I've been at this for some time now, and I think it's time to pull in the big guns here at e2e.
I'm trying to debug a seemingly random crash in my C5510 DSP/BIOS application. The result of the crash is usually that the DSP ends up in a random location in memory, though sometimes, the DSP ends up at its reset vector and starts running from the top of the application. I've verified that the cause isn't a stack overflow (through identification of the watermark in the various stacks/sysstacks and by setting watchpoints at the top of each stack), though the possibility of stack corruption still remains. The problem is I don't know how to track this down using the tools at my disposal (DSP/BIOS and CCSv5).
I've examined the document at http://processors.wiki.ti.com/index.php?title=DSP_BIOS_Debugging_Tips . It suggests using the kernel object viewer (or what I believe to be the ROV in CCSv4/v5), but I've been unable to get this to start. It occurs to me that maybe this is a RTSC tool and thus unavailable to me in a DSP/BIOS application. Is this true? The error message I get is below.

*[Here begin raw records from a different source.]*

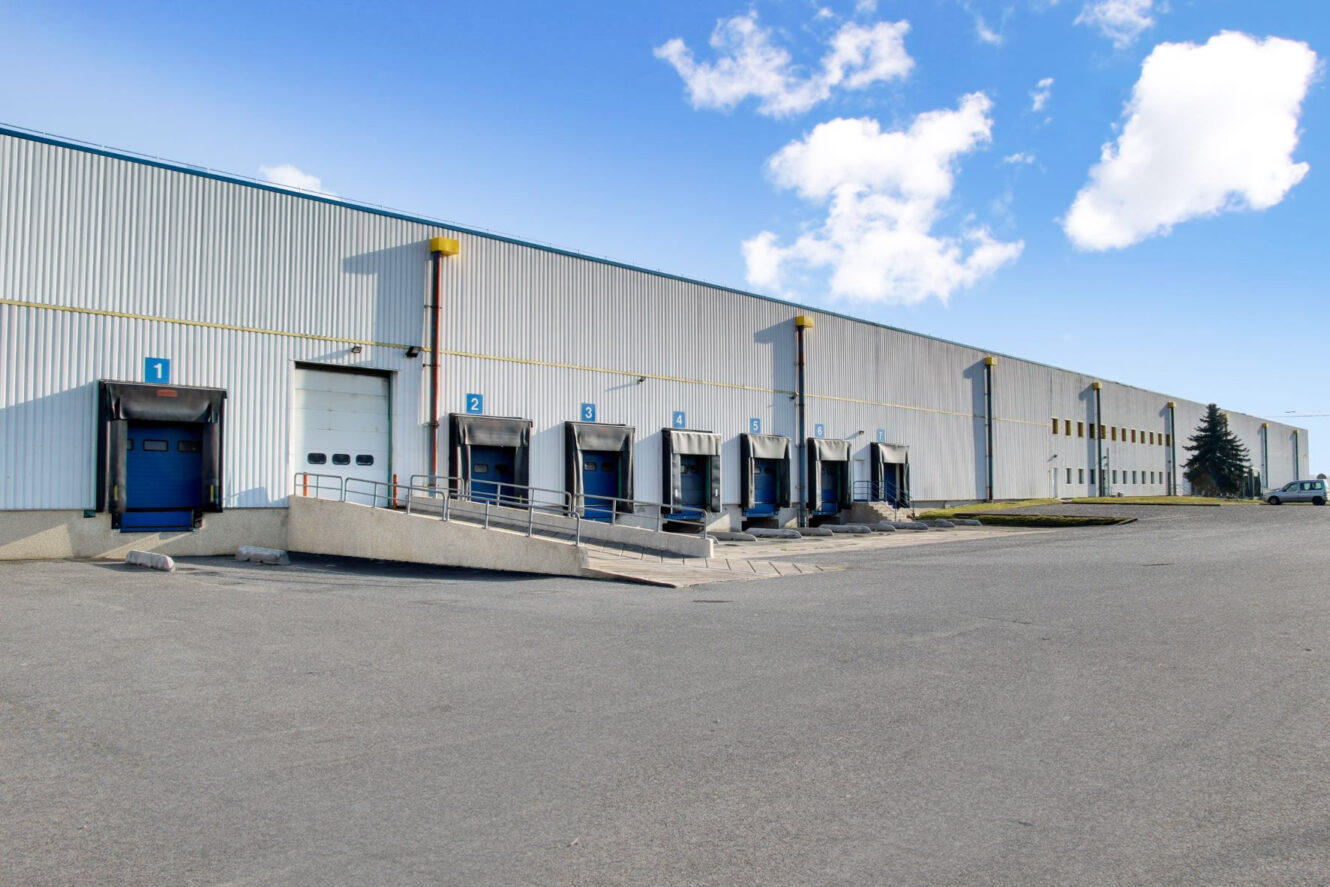 Un grand entrepôt avec plusieurs quais de chargement, tous numérotés et équipés d'abris de quai, sous un ciel partiellement nuageux.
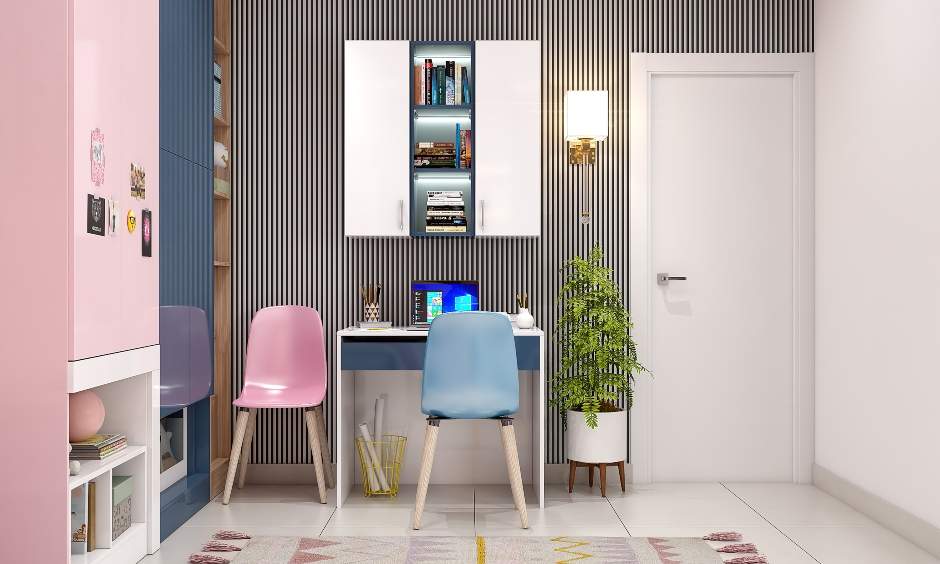 Independent kids study desk with a blue chair and wall-mounted cabinets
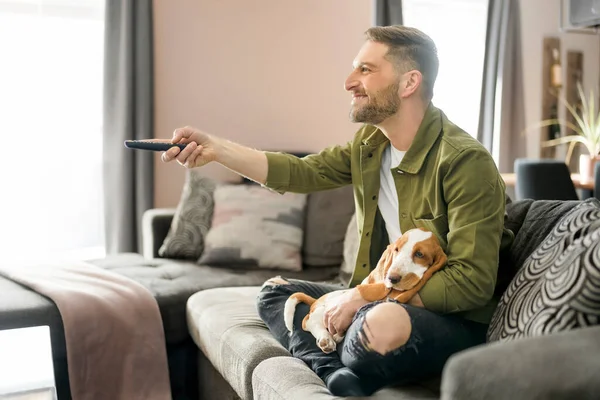 Man Playing With basset Pet Dog At Home sofa listening TV — Foto de Stock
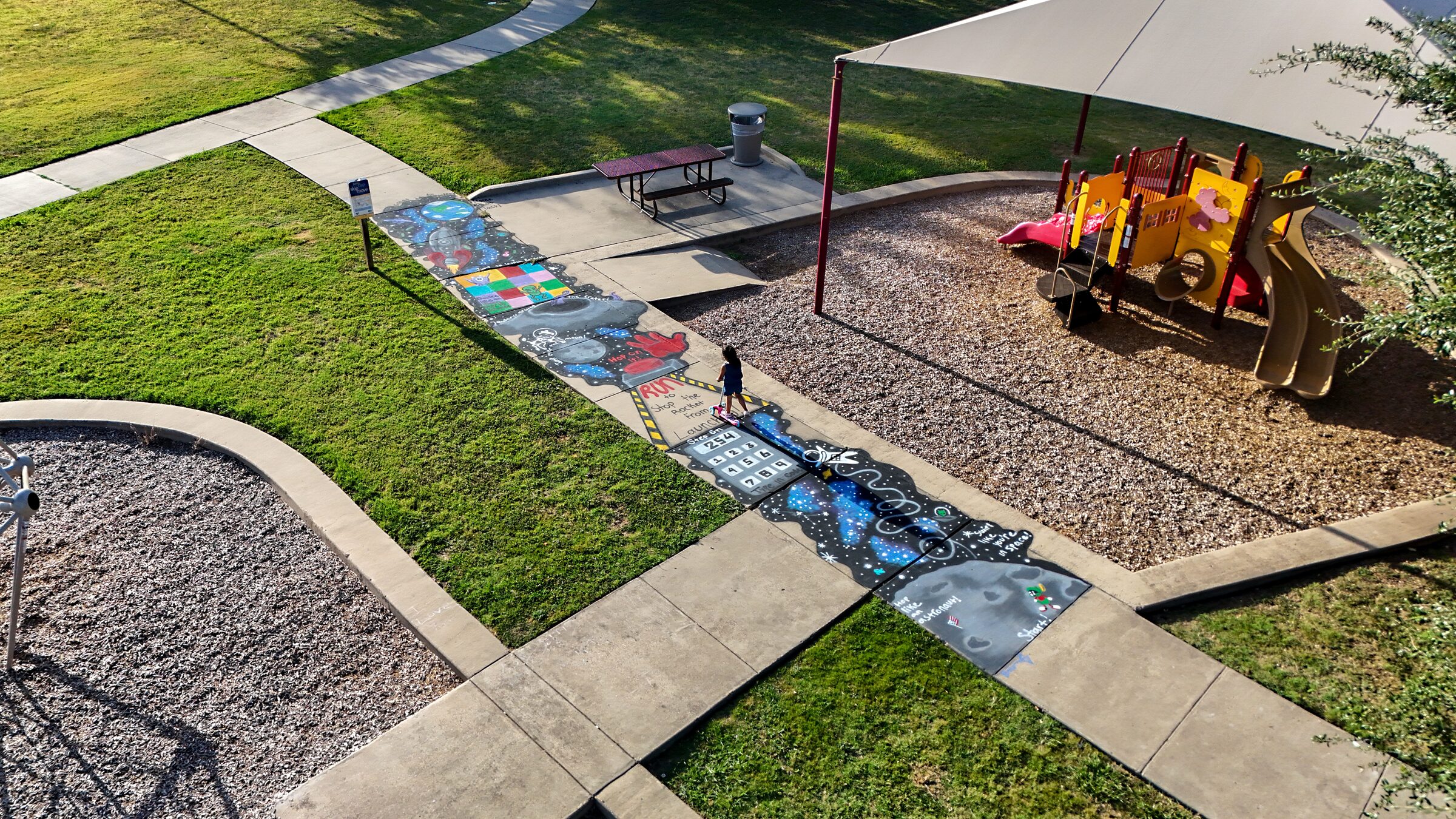 Aerial view of a colorful space-themed sidewalk obstacle course beside a playground at South Waco Recreation Center.
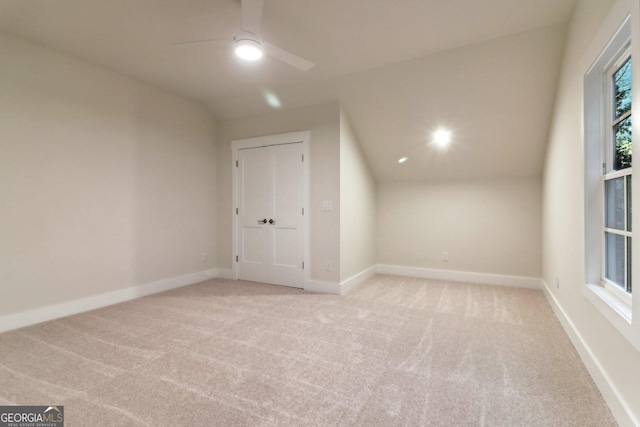 117 Wildwood Dr, Eatonton, GA 31024 - additional living space with light carpet, a ceiling fan, and baseboards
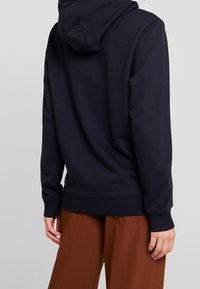 Námořnická mikina vyrobená z bavlněné směsi, která má klokankovou kapsu a žebrované manžety, spárovaná s hnědými kalhotami širokého střihu.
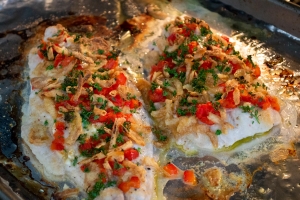 catfish topped with ingredients baking in oven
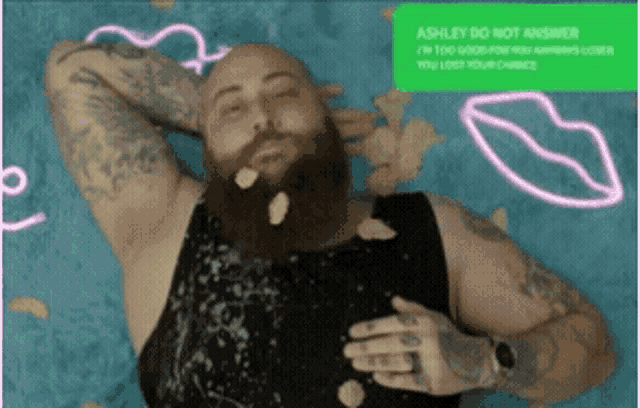 a bald man with a beard is laying on a bed with chips falling on him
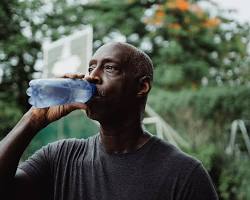 Image of person drinking water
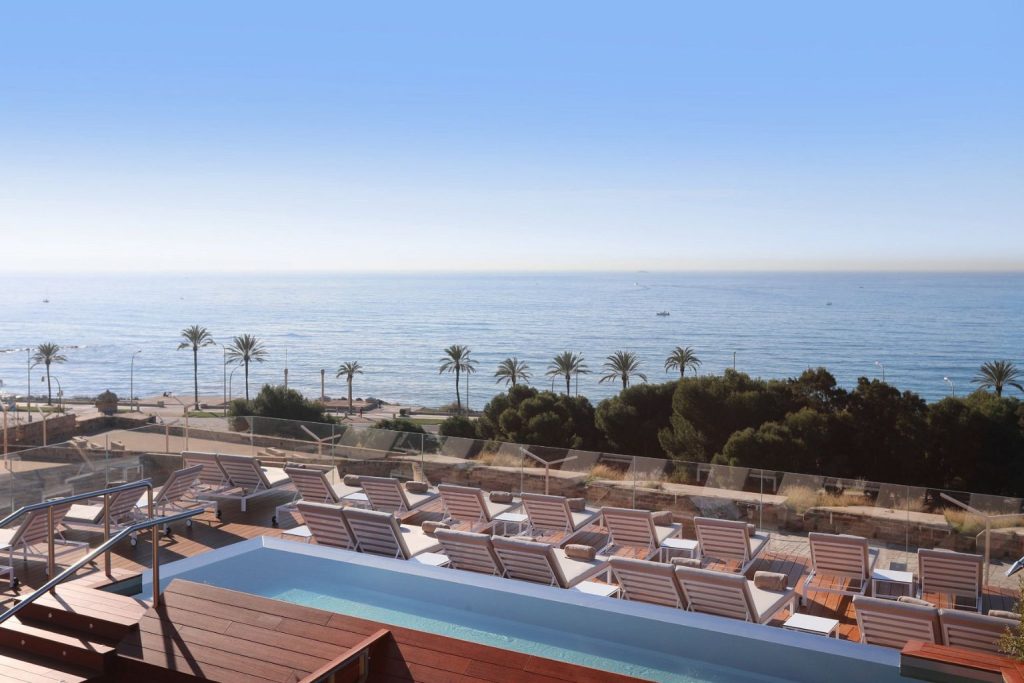 Rooftop infinity pool with sun loungers and panoramic Mediterranean Sea views at Es Princep in Palma, Mallorca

In my application, I have 1 TSK (in addition to the idle TSK), and all other processing is HWI/SWI based (3 HWIs, 2 SWIs). In other words, the application lives and dies by a HWI generated by a TIMER object which sets off processing of ADC samples read in through a McBSP by the single TSK. The processed data is sent up through HPI to a small interface processor responsible for gating data between 2 DSPs and USB. The interface processor is sending periodic pings to the DSPs to which the DSPs respond. The interface processor is also sending tasking messages to the DSP to tell it how to process the data samples. This messaging happens first with an interrupt generated by the interface processor, which creates a HWI in the DSP. This HWI handler posts a SWI for physically handling each message.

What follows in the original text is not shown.